Perubahan reversible pada struktur protein whey dapat terjadi akibat pemanasan dibawah suhu 60oC. Perubahan ini sering dihubungkan dengan transisi pre-denaturasi yang disebabkan oleh kehilangan sebagian struktur tiga dimensi protein dan perubahan dalam hidrasi protein. Perubahan irreversible atau denaturasi pada struktur protein whey dapat terjadi akibat pemanasan diatas suhu 65oC dan dipengaruhi oleh kondisi lingkungan seperti pH, kekuatan ionik dan konsentrasi protein. Denaturasi protein dapat dianggap sebagai proses dua tahap: tahap tidak terlipat yang dapat bersifat reversible atau irreversible dan tahap agregasi yang secara umum mengikuti pelepasan lipatan irreversible. Pelepasan ikatan protein globular diikuti oleh efek panas endotermal (De Wit, 1989).

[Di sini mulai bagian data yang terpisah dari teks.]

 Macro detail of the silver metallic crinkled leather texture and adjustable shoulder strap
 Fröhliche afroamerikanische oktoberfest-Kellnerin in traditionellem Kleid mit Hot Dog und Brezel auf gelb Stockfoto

Rentannya protein whey terhadap denaturasi akibat panas akan menurun seiring dengan bertambahnya total kandungan padatan (McKenna dan O’Sullivian, 1971 yang dikutip oleh De Wit, 1989). Back et al. (1979), yang dikutip oleh De Wit (1989), menyatakan bahwa interaksi hidrofobik antara protein dan gula lebih besar terlihat pada larutan gula dengan jumlah gula yang besar daripada dalam larutan gula dengan jumlah gula yang sedikit. Mekanisme tersebut dapat menstabilkan protein terhadap denaturasi panas.

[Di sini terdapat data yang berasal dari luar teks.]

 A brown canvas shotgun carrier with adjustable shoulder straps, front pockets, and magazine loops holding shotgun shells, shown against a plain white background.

Menurut De Wit (1989), protein whey memiliki sifat pengemulsi yang dipengaruhi oleh beberapa faktor, salah satunya adalah suhu. Secara khusus, kecepatan adsorpsi dan kecepatan pelepasan ikatan meningkat seiring dengan peningkatan suhu. Umumnya, fenomena ini mempertinggi formasi dan stabilisasi droplet emulsi. Waniska (1981) yang dikutip oleh De Wit (1989), menyatakan bahwa pemanasan emulsi yang distabilisasi menggunakan whey protein pada konsentrasi protein lebih dari 6% menyebabkan gelasi dan penahanan lemak terhadap struktur emulsi. Penahanan lemak dalam sistem ini tidak berarti lemak tersebut masih teremulsi, lemak mungkin terperangkap dalam ruang kosong dan berkontribusi terhadap struktur produk setelah pendinginan sehingga emulsi menjadi sulit mengalir.